I brought my rosary to this weekend’s LSAT exam. Instead of having it in my little plastic bag, out of fear that it might not be let in, I wore it on my neck, clear for anyone to see. I must confess that sometimes I am greatly ashamed of my occasional devoutness, for it often appears only in times of hardship when I need petitioning to God. Hate to say it, a part in me almost treated my rosary as an amulet, a divine lucky charm of sorts. I had a few very bad practice tests the day before my exam, so my expectations going in were low. I legitimately thought of canceling my test.
So, you would imagine my initial “excitement” when, nearing the end of the digital LSAT, the proctor told us the test is now temporarily paused. “There is some technical difficulty, so in the meantime, you can go take refreshments and exit the lecture hall without leaving the perimeter.” Basically, we now have a bonus break.
I was having a better-than-expected performance that day, but a bonus break is always good — or so I thought. A technical glitch had just given me an advantage, however small, over LSAT-takers all over the world. Sadly, the rosary on my neck did not remind me how myopic my way of thinking was. Silly as I am, I really didn’t think the test would be cancelled.

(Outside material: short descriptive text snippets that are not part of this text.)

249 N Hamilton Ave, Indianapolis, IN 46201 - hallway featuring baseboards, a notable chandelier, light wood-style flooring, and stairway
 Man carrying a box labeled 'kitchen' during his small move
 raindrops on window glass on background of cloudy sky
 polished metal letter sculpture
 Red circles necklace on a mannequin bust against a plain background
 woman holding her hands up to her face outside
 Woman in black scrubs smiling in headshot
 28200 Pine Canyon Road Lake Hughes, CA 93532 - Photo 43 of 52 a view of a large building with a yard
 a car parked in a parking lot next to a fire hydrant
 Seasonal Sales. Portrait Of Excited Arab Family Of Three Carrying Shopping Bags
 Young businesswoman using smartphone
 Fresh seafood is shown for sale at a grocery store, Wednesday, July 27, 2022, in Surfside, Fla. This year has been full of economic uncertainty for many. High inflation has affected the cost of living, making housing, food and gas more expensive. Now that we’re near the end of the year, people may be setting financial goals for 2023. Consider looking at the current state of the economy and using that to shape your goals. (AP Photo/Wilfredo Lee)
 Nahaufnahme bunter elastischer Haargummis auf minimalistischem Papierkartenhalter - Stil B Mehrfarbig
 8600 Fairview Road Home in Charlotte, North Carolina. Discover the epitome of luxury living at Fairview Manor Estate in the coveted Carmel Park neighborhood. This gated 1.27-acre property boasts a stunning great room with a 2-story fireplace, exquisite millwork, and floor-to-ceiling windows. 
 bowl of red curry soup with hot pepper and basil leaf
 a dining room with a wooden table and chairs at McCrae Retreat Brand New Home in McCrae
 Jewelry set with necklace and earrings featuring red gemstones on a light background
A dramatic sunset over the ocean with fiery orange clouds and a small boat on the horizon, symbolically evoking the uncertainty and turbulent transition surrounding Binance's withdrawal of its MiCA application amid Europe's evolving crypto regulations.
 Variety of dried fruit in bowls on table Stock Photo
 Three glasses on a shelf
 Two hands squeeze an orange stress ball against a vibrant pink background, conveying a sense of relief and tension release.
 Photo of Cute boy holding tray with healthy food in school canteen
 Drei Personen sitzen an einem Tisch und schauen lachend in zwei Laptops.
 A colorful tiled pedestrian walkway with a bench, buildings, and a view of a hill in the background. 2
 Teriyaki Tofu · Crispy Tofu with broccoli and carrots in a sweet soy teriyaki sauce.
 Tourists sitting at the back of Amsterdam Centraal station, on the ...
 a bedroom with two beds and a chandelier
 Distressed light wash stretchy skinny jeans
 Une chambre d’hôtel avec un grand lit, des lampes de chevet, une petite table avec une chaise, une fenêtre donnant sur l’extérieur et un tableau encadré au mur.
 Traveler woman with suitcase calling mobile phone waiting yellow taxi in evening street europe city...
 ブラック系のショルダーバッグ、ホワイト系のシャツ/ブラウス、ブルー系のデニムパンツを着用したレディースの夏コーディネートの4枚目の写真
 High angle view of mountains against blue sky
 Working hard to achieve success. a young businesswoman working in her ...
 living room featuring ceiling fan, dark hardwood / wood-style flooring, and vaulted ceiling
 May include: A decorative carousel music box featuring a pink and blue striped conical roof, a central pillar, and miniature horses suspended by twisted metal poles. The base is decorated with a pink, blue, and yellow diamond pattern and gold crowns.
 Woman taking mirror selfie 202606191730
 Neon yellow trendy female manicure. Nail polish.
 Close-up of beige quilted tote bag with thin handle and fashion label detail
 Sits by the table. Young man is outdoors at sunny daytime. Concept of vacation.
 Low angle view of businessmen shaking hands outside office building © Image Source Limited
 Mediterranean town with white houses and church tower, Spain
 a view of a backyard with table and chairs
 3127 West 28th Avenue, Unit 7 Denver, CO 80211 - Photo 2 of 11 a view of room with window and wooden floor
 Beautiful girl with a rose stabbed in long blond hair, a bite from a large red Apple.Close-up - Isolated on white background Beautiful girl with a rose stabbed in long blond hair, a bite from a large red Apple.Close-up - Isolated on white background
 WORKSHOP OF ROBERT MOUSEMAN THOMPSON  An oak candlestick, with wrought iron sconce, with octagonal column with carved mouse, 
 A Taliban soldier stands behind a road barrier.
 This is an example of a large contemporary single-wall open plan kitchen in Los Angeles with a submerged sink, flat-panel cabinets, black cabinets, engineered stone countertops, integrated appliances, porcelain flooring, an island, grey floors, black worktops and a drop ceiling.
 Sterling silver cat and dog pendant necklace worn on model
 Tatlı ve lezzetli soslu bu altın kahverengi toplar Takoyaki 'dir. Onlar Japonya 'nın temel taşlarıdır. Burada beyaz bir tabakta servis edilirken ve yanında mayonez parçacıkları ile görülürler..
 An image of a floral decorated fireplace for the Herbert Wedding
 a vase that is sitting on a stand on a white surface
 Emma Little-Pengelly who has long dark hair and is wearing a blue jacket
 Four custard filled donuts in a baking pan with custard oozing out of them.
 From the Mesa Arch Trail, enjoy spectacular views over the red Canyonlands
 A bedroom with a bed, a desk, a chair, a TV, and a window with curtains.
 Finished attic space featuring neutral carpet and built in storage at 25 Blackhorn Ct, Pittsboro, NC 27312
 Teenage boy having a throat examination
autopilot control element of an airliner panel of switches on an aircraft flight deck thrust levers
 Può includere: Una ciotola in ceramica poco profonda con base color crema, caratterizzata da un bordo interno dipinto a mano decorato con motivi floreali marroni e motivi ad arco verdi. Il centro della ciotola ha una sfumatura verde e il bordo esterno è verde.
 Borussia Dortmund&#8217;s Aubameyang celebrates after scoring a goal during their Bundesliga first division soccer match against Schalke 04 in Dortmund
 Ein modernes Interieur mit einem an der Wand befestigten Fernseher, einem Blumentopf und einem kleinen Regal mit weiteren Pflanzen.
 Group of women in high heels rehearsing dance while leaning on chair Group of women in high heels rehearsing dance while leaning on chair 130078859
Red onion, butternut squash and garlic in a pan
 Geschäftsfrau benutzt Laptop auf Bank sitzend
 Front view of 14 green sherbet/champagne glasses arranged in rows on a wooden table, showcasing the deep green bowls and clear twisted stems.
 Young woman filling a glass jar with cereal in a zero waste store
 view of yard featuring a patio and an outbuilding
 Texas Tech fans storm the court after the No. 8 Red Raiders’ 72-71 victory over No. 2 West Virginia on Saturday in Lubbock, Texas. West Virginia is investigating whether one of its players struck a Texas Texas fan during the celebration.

You could feel the entire lecture hall gasp when we all began to realize that we had just wasted three hours of our Saturday morning. I almost burst into laughter — not out of joy, or out of anger, but out of genuine bewilderment. The decision that the test will be cancelled was not passed on to test-takers immediately; proctors initially wanted to scan the tablets of a few students in the front row, with many of us still perhaps thinking that we could still finish the test. Thus, the students initially refused to hand in their tablets, thinking that their score may be sacrificed to fix the problem. Written guarantees were demanded, legal arguments ensued. After all, it was a room full of prospective lawyers.
After shock and denial came anger. Tension ran high. Some started crying. Others continued their verbal protest with the proctor, who perhaps also never encountered a mess like this. After all, this was only the second time the LSAT had been offered digitally. Everybody was distraught. I, clinging on to my rosary with a silly grin on my face, was still trying to process the situation.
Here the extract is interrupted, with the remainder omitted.